A new round of retroactive cross-checks and audits is being initiated by AADE, this time focusing on property owners who concealed income from Airbnb rentals, as well as those who bought or sold property without fully declaring the transaction amounts to the tax office. According to AADE’s 2025 Operational Plan, the new audits will focus on short-term leases by individuals for the tax years 2020 and 2021, as well as real estate transactions that took place in 2019.
These cases are being activated based on Article 15, paragraph 3a of Law 4174/2013, which allows the tax administration to go back to previous tax years and assess income using external data, such as electronic payments, bank transactions, electricity consumption, and platform data.
In particular, for Airbnb-type short-term rentals, individuals who received payments for property rentals without declaring them on their E1 or E2 tax forms — and without registering a business activity — are under scrutiny. The hidden amounts are substantial. For example, while just €677 million was declared as rental income for 2023, data from the AirDNA platform estimates the actual turnover at €2.4 billion.
AADE is cross-referencing this data with bank account activity, amounts reported by platforms, and the use of the Property Registration Number (AMA). In many cases, the income was declared as “hosting friends,” not reported at all, or funneled through third-party bank accounts.
At the same time, a targeted audit cycle is underway for the year 2019 to detect undeclared property transfers. Authorities are identifying discrepancies between the data reported on Taxisnet, the notarial contracts, and the property transfer tax declarations. Findings from these investigations are forwarded to the Audit Directorate (DIESEL), which then initiates procedures for additional taxation, penalties, and retroactive settlements.

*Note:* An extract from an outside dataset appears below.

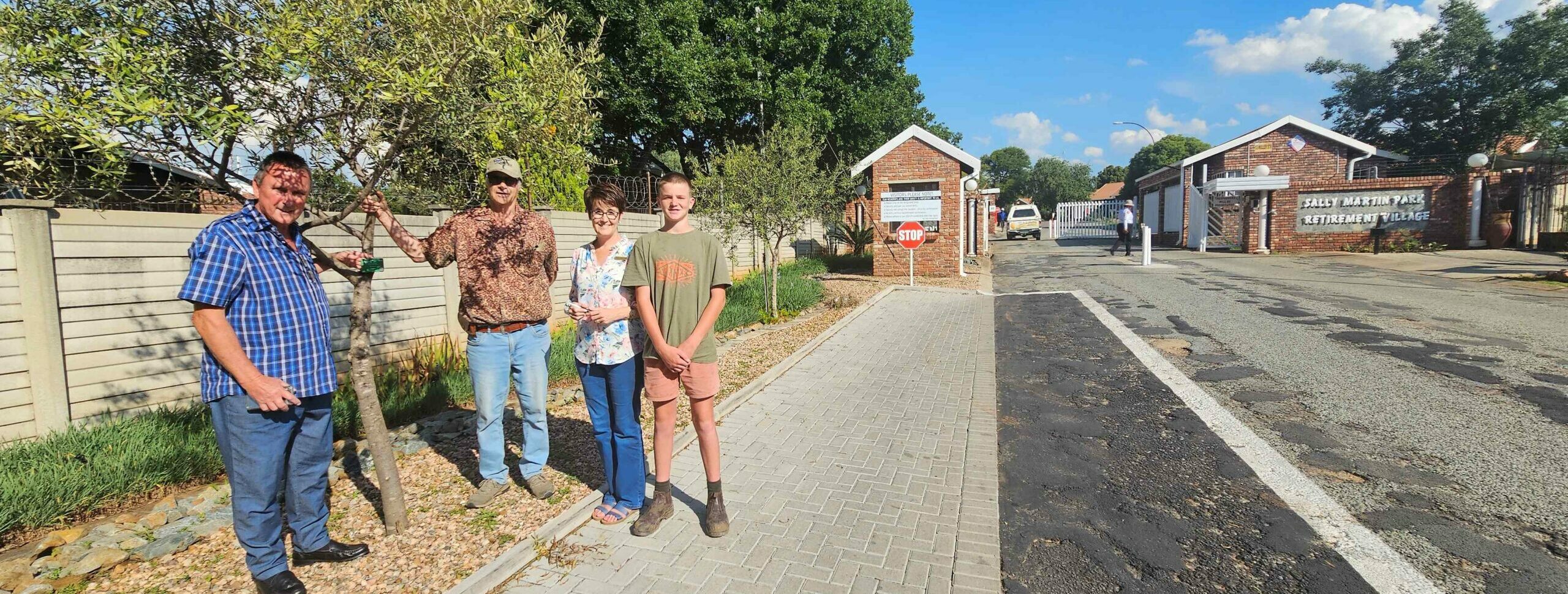 Van links is Dr. Abé Kempen (Voorsitter: Lewensreg Inwonerskomitee), Flip du Plessis (boomkenner en self ook 'n inwoner van Sally Martin Park), Elchristie Oberholzer (Bestuurder: Sally Martin Park) en Seeff Dannhauser Jr, by 'n olienhoutboom wat gemerk is.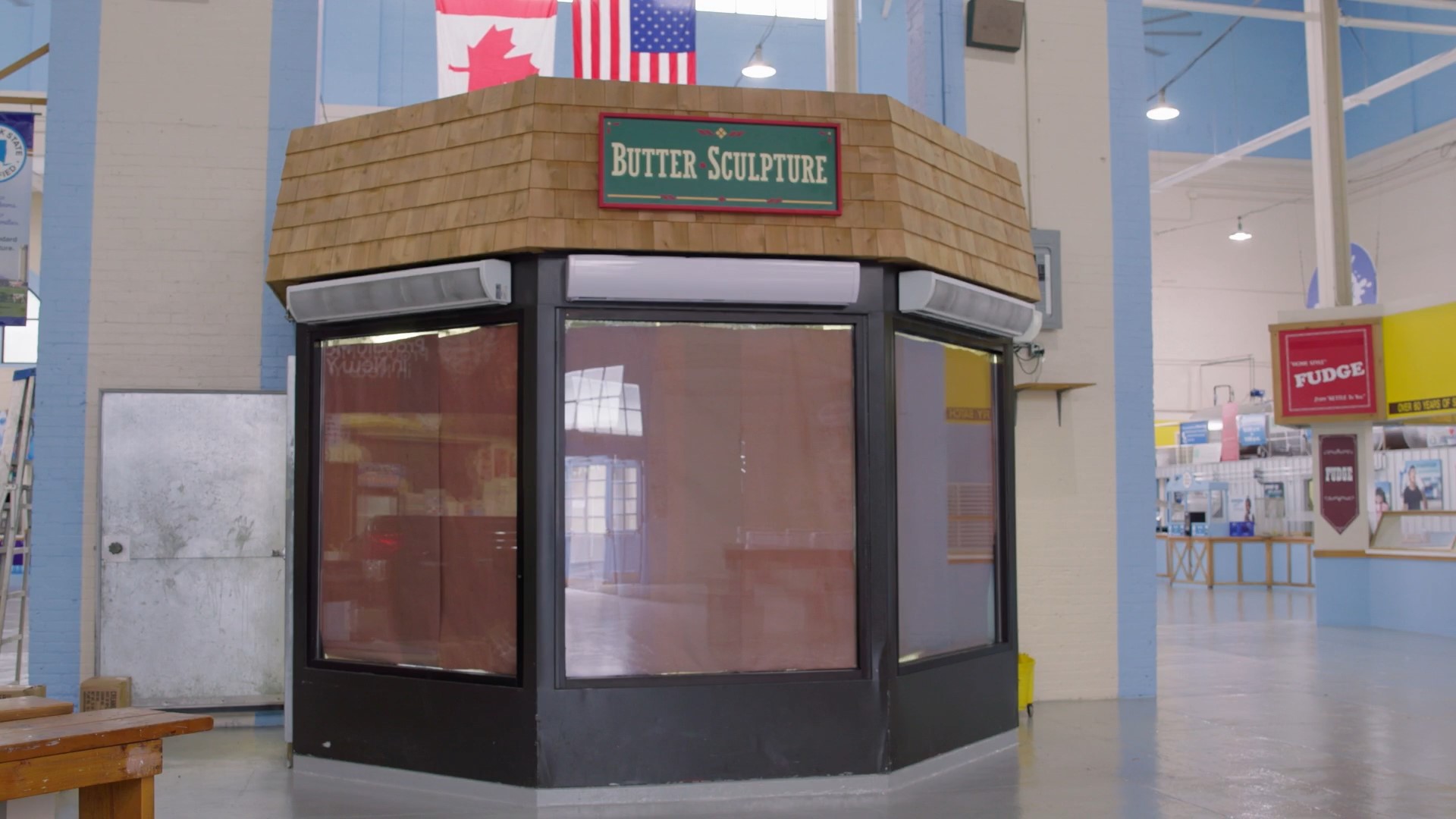 The outside of a room that has a butter sculpture inside.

AADE’s goal is to reduce the tax gap in the real estate sector and crack down on the shadow economy in a market that, despite enormous economic activity, systematically suffers from underreporting. The Authority’s 2025 Operational Plan classifies these audits as “critical high-revenue fiscal interventions,” while also providing for increased use of technological tools, artificial intelligence, and automated information flows from platforms and third parties.